Australia's original Constitution of 1901 gave the Constitutional Government the right to 'coin money' on an as needed basis. For example, the Nullabor Railway was built using money produced specifically to pay for the labour and materials to build it. Taxes on the individual are not necessary to pay for domestic/social needs.

Taxes were originally and largely only applied to profits of business, then after 1914 and Australia's involvement in WW1, there was a move to tax individuals on their income to help pay the debts of war. It was meant to be a short term agreement, was originally voluntary and was seen as a patriotic duty. Outside of that, a man was seen as worth his hire - there is no profit in an equitable exchange of labour for money, so nothing to be taxed.

War bonds were also created and sold which is curious because on the one hand the worker is told that a war debt needs to be paid so we need you to pay tax, on the other an investor is told that there will be profit made from this so buy these bonds :nudge, nudge, wink, wink - watch the gullible suckers take the bait:

If anything, the privatisation of what used to be considered public assets where profit is considered before service, continual wars, skyrocketing national debt and individuals being registered as assets in service of those national debts is what has morphed tax laws into what they are today. Not only are wages/salaries taxed, but there are levies, taxes and excises on just about every product and service. What used to be considered public services are now run on business models where even levels of Government, it's agencies and subsidiaries are run on a for profit basis.

I've read that if local councils here in Australia were to ditch the business model, return to municipal offices of state government, land rates/taxes would be around 1/3 the cost they are now.

So, since the early 1900's - here in Australia at least - the burden of paying taxes has shifted from business profits to the employees - the reason why big business can pay bugger all in tax but the average worker carries the burden. After spending time reading the Constitution, Australian history, timing of acts and statutes being presented in and passed by parliament, Common Law, Civil Law and International Law it seems apparent that this was the plan all along.

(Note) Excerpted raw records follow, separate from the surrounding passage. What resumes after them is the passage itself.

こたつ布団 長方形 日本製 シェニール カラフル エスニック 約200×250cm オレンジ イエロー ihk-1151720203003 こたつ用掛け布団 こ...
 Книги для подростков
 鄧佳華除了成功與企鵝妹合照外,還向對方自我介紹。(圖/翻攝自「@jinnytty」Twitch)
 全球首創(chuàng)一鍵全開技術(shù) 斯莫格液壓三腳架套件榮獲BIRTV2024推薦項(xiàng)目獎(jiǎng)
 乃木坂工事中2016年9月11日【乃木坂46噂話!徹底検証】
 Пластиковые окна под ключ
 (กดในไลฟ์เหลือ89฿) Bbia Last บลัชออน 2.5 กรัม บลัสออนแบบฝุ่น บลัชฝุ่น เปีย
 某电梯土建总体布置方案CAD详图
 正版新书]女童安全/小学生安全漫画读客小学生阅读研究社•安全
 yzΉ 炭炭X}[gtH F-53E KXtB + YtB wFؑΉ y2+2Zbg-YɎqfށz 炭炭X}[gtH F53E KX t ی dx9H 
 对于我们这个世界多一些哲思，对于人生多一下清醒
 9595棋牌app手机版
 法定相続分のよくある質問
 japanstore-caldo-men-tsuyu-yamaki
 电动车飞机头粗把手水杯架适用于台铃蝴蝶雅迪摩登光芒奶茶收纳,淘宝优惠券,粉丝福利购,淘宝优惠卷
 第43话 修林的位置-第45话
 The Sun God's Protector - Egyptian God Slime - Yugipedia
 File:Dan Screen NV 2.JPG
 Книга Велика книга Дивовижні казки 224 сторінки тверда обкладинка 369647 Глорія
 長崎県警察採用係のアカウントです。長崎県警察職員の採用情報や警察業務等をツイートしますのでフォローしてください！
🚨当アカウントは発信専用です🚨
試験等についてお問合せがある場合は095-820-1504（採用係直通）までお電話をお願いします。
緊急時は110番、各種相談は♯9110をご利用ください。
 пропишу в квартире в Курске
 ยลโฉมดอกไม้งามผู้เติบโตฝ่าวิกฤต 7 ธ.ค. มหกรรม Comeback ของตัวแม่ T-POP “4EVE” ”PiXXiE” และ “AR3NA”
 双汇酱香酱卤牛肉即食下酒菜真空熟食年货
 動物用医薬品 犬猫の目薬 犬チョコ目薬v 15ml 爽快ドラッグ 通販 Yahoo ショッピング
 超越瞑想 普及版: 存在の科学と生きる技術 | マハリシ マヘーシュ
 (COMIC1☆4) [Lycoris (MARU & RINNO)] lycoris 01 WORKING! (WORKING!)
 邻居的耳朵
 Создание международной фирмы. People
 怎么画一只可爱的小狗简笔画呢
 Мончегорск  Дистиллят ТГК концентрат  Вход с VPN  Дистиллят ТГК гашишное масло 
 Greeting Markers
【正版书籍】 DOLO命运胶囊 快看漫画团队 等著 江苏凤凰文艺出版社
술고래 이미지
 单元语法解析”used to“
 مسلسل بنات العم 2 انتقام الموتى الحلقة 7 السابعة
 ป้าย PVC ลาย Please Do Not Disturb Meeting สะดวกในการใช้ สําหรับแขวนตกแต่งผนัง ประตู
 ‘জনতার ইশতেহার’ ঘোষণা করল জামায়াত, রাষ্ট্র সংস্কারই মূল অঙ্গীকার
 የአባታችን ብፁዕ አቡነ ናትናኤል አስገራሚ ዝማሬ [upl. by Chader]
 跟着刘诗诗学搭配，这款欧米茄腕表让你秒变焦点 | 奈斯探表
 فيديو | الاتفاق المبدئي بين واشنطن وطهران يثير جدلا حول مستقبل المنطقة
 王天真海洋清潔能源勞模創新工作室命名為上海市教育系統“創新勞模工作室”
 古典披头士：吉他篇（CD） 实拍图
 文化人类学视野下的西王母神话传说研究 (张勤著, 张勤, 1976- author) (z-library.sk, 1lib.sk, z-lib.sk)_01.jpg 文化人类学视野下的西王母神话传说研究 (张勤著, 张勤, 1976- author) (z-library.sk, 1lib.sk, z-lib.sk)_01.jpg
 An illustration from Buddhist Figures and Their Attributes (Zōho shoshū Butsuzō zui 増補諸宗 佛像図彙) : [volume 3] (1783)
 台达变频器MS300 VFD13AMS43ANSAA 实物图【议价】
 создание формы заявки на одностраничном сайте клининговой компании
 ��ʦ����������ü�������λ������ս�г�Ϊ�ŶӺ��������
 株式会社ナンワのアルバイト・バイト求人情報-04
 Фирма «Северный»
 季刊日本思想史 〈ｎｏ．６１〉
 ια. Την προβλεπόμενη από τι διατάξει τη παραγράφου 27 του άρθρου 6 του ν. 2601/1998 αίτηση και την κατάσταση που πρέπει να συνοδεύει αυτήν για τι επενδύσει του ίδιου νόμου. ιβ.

So I agree with Laura - pathological influences will eventually bend any 'ism' to it's own ends and to do that, they will be telling/selling one story to the average person and another to an elite investor and the average person will pay while the elite investor will profit and the games will always be rigged against the unaware unless or until there's a 'straw that broke the camels back' situation like that has arisen in France or a decent, caring statesman like Putin takes the reins.